81.1.2 1.2 What we are really estimating

It is tempting to think the target is a deterministic function \(f^\star(x)\), but the world is noisier than that. The same input \(x\) can be associated with different labels \(y\). The framework handles this by working with the conditional distribution \(\mathcal{D}(y \mid x)\). The best possible deterministic predictor under squared loss, for instance, is the conditional mean \(\mathbb{E}[y \mid x]\), and under zero one loss it is the most probable label \(\arg\max_y \mathcal{D}(y \mid x)\), called the Bayes optimal classifier. No algorithm can do better than the Bayes predictor on the underlying distribution, and the residual error it incurs, the Bayes error, is irreducible. Recognizing irreducible error keeps us honest about when more data or a bigger model will help and when it will not.

81.2 2. Empirical Risk Minimization

81.2.1 2.1 Risk, the quantity we care about

Fix a loss function \(\ell(\hat{y}, y) \geq 0\) that measures the penalty for predicting \(\hat{y}\) when the truth is \(y\). The true risk, also called the generalization error or population risk, of a predictor \(h\) is its expected loss over the data distribution:

\[ R(h) = \mathbb{E}_{(x, y) \sim \mathcal{D}} \big[ \ell(h(x), y) \big]. \]

This is the number we ultimately want to minimize. The problem is that \(\mathcal{D}\) is unknown, so \(R(h)\) cannot be computed directly. We only have the sample \(S\).

81.2.2 2.2 The empirical risk

The natural surrogate is the average loss on the training set, the empirical risk:

\[ \hat{R}_S(h) = \frac{1}{n} \sum_{i=1}^{n} \ell(h(x_i), y_i). \]

By the law of large numbers, for any fixed \(h\) the empirical risk converges to the true risk as \(n\) grows. Empirical risk minimization (ERM) is the principle of choosing the predictor that minimizes this quantity within some restricted set of candidate functions \(\mathcal{H}\), the hypothesis class:

\[ \hat{h} = \arg\min_{h \in \mathcal{H}} \hat{R}_S(h). \]

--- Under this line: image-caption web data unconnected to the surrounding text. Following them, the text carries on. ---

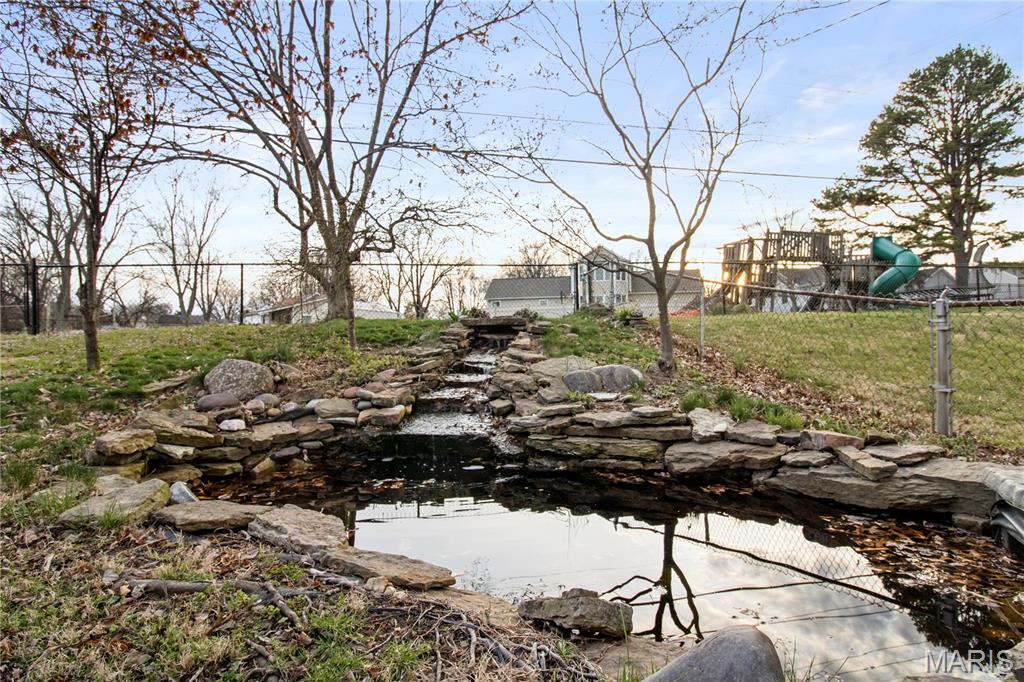 Suntide - Residential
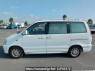 Used 1998 AT toyota liteace-noah SR40G Image[3]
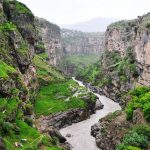 تصاویری زیبا از دره شگفت انگیز رواندوز کردستان Rawandiz, اخبار کردستان, بهترین مناطق گردشگری, جاهای دیدنی کردستان, زیباترین مناطق توریستی, سفر به عراق, عکس عراق, کردستان عراق
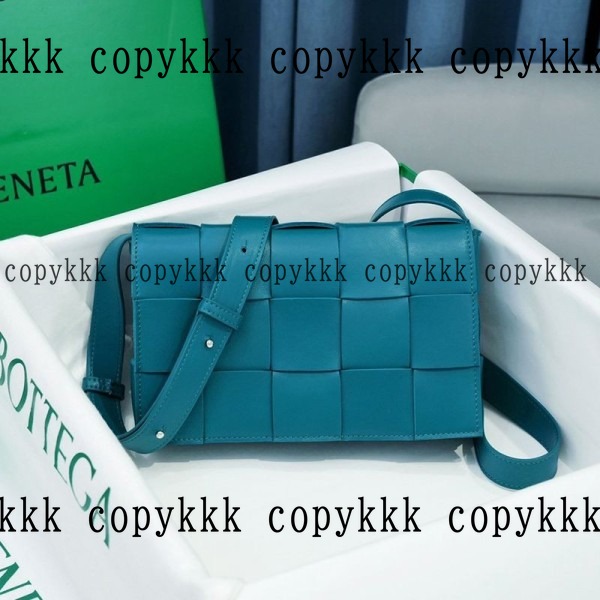 大人気 ボッテガ・ヴェネタ ショルダーバッグ コピー - bags-00370
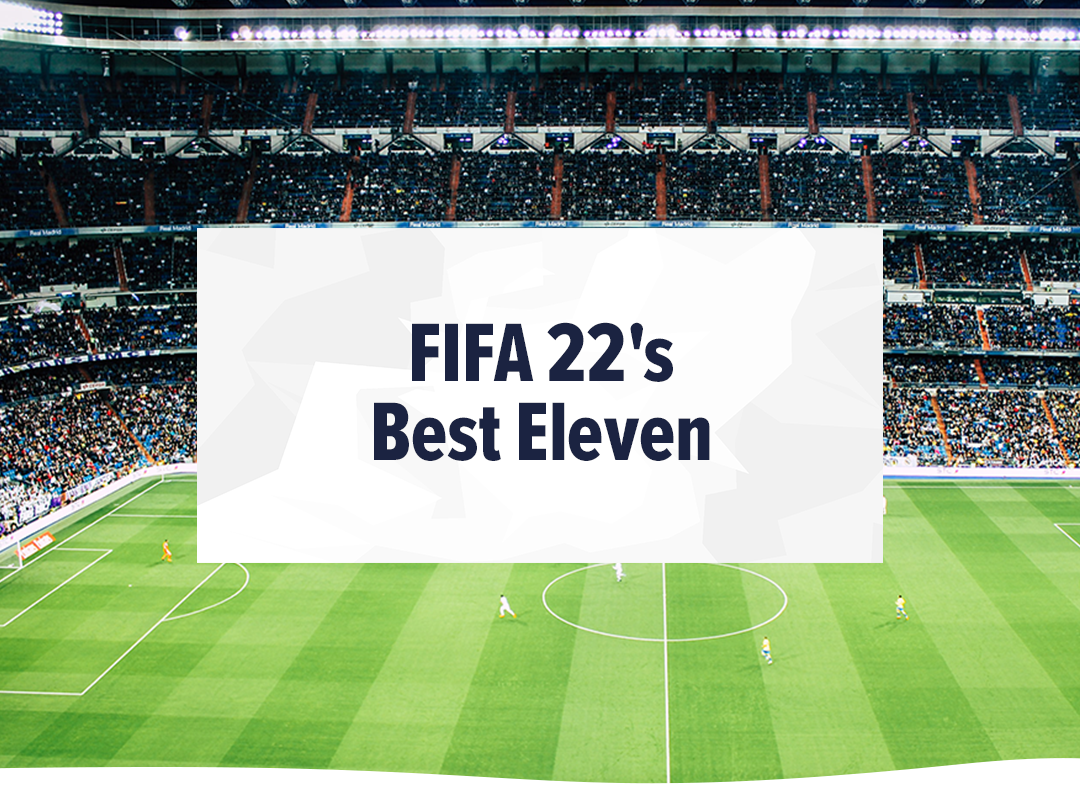 The World s Best Football Team According To FIFA22 CardsPlug the-world-s-best-football-team-according-to-fifa22-cardsplug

Nearly every supervised algorithm you have used, linear regression, logistic regression, support vector machines, decision trees, and the training loop of a neural network, is an instance or approximation of ERM, often with an added regularization term discussed in Section 5.

81.2.3 2.3 Why restricting the hypothesis class is essential

If we allowed \(\mathcal{H}\) to contain every possible function, ERM would simply memorize: build a lookup table returning \(y_i\) for each \(x_i\) and arbitrary values elsewhere. This achieves zero empirical risk while learning nothing about unseen inputs. The art of ERM is choosing \(\mathcal{H}\) rich enough to express good predictors but constrained enough that low empirical risk implies low true risk. This tension is the central theme of the paradigm and is made quantitative in Section 4.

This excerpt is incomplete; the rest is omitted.